CSCvh85675 - Calendar invites are being moved to inline attachment when they are footer stamp

kleemisch · ‎02-19-2018

When is this going to get fixed? This has impacted several of our users as we have a disclaimer added to every single email so our users know if an email is coming from the outside. I need this fixed ASAP.

Thiruchelvam Thurairaj · ‎02-20-2018

A workaround should be adding a message body in the content filter which does not add the disclaimer for now.

Via GUI you can do this;

condition

1. Message Body - contains text : ("(?i)text/calendar|BEGIN:VCALENDAR", 1)

or

2. Message Body - contains text : ("(?i)method=REQUEST|METHOD:REQUEST", 1)

Action: Skip Filters.

select: If one or more conditions match"

commit

--------------

If you are using CLI and working with message filters then you could do this:

MeetingRequest: if (body-contains("(?i)text/calendar|BEGIN:VCALENDAR", 1)) OR (body-contains("(?i)method=REQUEST|METHOD:REQUEST", 1)) {
                            log-entry("No Disclaimer");
                            skip-filters();
                        }

Try to bring this filter to a higher position than the other filters with disclaimers

But we all know this is only a workaround and not a fix and Cisco is already working on it.

kleemisch · ‎02-20-2018

The workaround does not work for all calendar invites I receive. Some of them look right, but others still show as attachments.

mark fitzgerald · ‎02-27-2018

I have the same situation. The options aren't really good options. My invites are coming in blank, other than the subject. No attachments, no nothing.

chris.hankins · ‎03-01-2018

I was able to resolve this by removing any disclaimers applied via the ironport appliances and apply them via Exchange transport rules.

marc.luescherFRE · ‎03-05-2018

Here our workaround for incoming calendar invites :

CLISkip_Footerv5: if (header("X-MS-Exchange-Calendar-Originator-Id")) OR ((header("x-ms-exchange-calendar-series-instance-id")) OR ((attachment-filename == "invite.ics") OR
((attachment-filename == ".ics$") OR ((header("X-Barracuda-RBL-Trusted-Forwarder")) OR (body-contains("BEGIN:VCALENDAR", 1)))))) {
skip-filters();
}

Hope that helps.

That filters support gmail, baracuda, office365, Lotus Notes and classical ICAL.

adamawenner · ‎03-05-2018

We're also seeing this hit on header stamps, not just footer stamps as indicated. Maybe the bug needs to be updated indicate that?

marc.luescherFRE · ‎03-05-2018

I was told by support that they are aware of both conditions.
We had them both 😊

mark fitzgerald · ‎03-06-2018

This affects both inbound and outbound meeting invites, correct? We apply disclaimers outbound, and we are seeing this behavior.

chris.hankins · ‎03-06-2018

This only affected our outgoing meeting invites. All incoming invites worked as normal because no disclaimers/footers were added to the messages.

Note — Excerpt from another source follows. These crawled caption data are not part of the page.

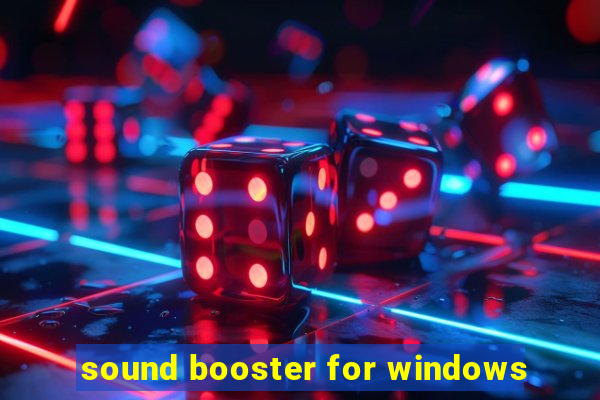 sound booster for windows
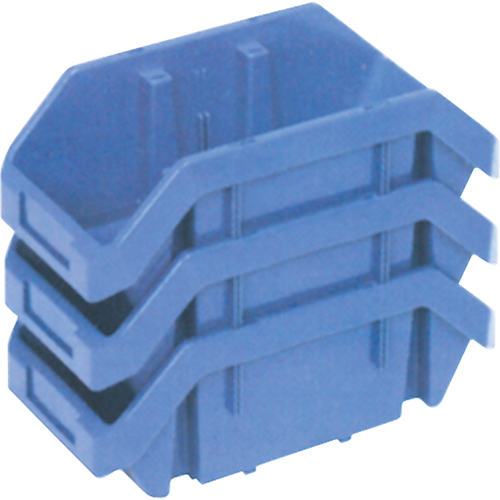 Boîtes &agrave; ramassage rapide "Quick Pick", 5" x 6,625" x 9,5", Bleu Oxymax Inc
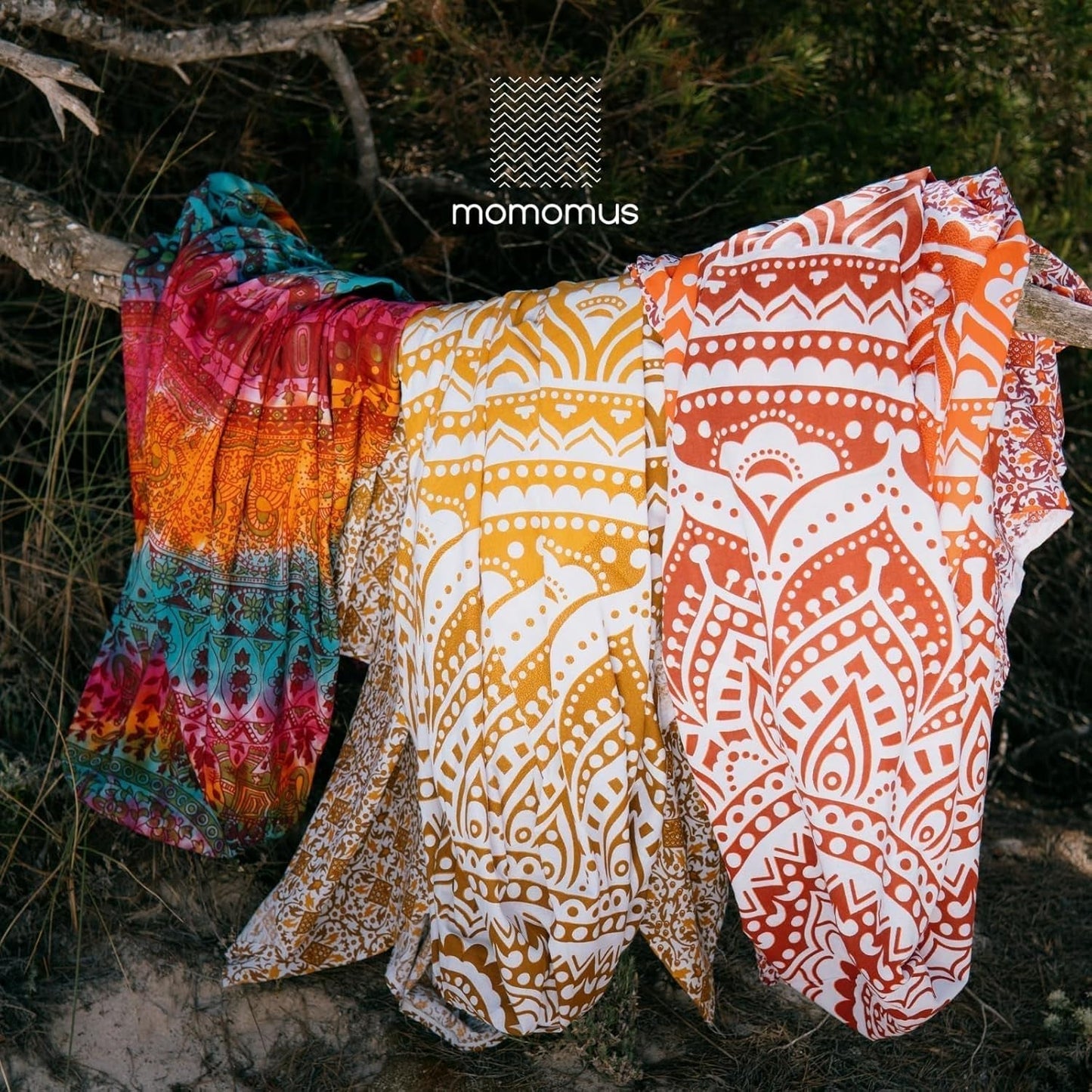 Wandteppich Momomus Mandala Hippie oder Psychedelic xxl Zuhause - Accessoires und Dekorationen Naty Shop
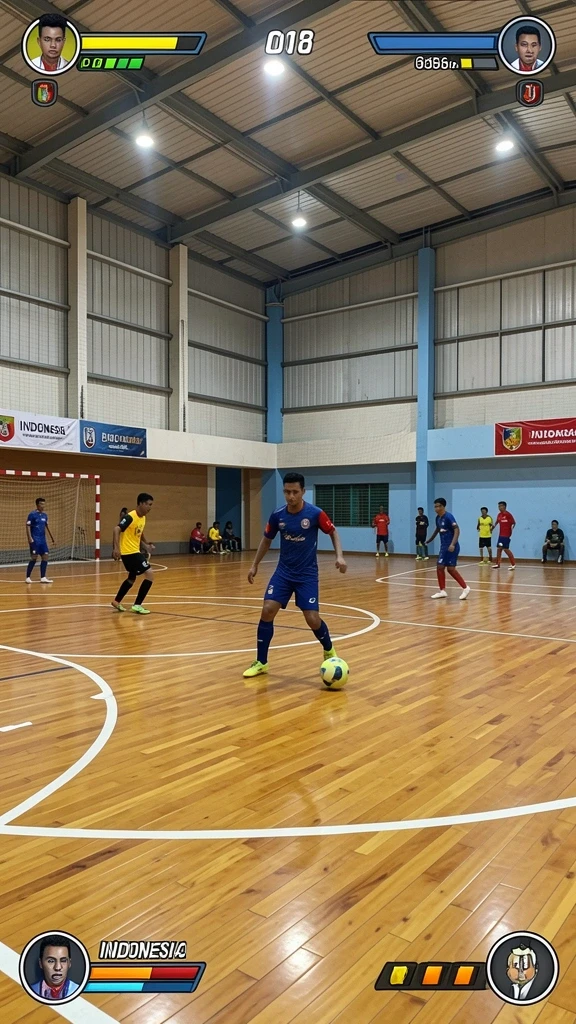 Tampilan grafis yang menarik dan penuh warna.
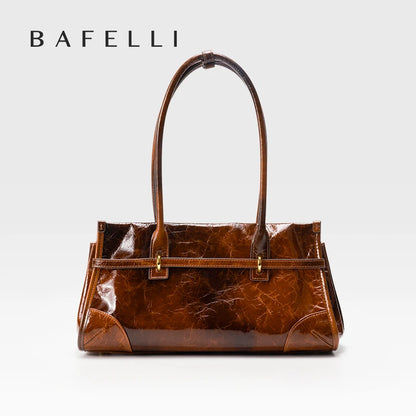 Genuine Leather Vintage Baguette Bag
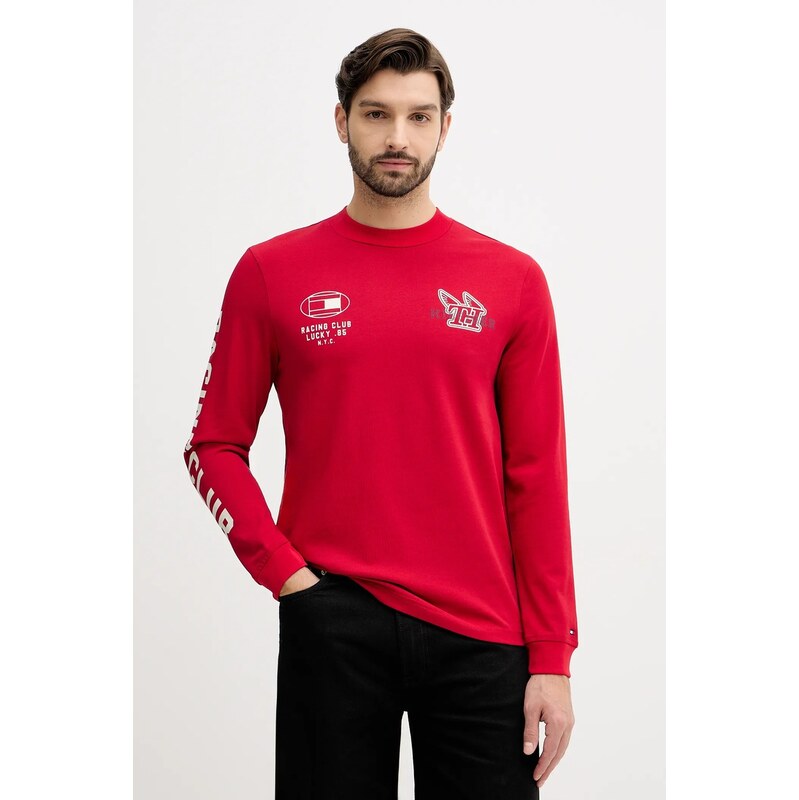 Bavlnené tričko s dlhým rukávom Tommy Hilfiger 66320994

mark fitzgerald · ‎03-06-2018

Ah thanks. So it is in both directions. We first noticed it on inbound messages that we were adding headers to, based on content filters. This is bad.

chris.hankins · ‎03-06-2018

Yeah it definitely could affect incoming invites as well, if you're adding headers/footers that conflict with the coding of the message body.

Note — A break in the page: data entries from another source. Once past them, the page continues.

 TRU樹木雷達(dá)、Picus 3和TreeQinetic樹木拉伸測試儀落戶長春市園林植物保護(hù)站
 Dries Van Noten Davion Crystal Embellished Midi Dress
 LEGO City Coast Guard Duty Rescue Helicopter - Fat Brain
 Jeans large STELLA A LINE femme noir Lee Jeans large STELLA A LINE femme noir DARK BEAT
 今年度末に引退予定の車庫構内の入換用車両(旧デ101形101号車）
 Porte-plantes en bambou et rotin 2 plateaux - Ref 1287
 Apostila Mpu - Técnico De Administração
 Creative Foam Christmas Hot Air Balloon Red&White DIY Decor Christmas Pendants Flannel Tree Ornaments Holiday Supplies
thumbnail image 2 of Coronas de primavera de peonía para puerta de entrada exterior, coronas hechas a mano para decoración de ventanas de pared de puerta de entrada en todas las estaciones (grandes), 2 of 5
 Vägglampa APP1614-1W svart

I'm curious what headers you are adding to incoming invites?

mark fitzgerald · ‎03-06-2018

Mostly spoof warnings, Also there are warnings about encrypted attachments, etc. Tags that tell people how to submit suspected phishing, etc.

marc.luescherFRE · ‎03-06-2018

You are correct it impacts incoming and outgoing messages with calendar entries

kleemisch · ‎03-16-2018

The bug says the status is "fixed", however I do not see an updated version on Cisco's web site. Is this truly fixed? In my ironport there is a version 11.1.0 build 072 available, but that doesn't show up on Cisco's web site either.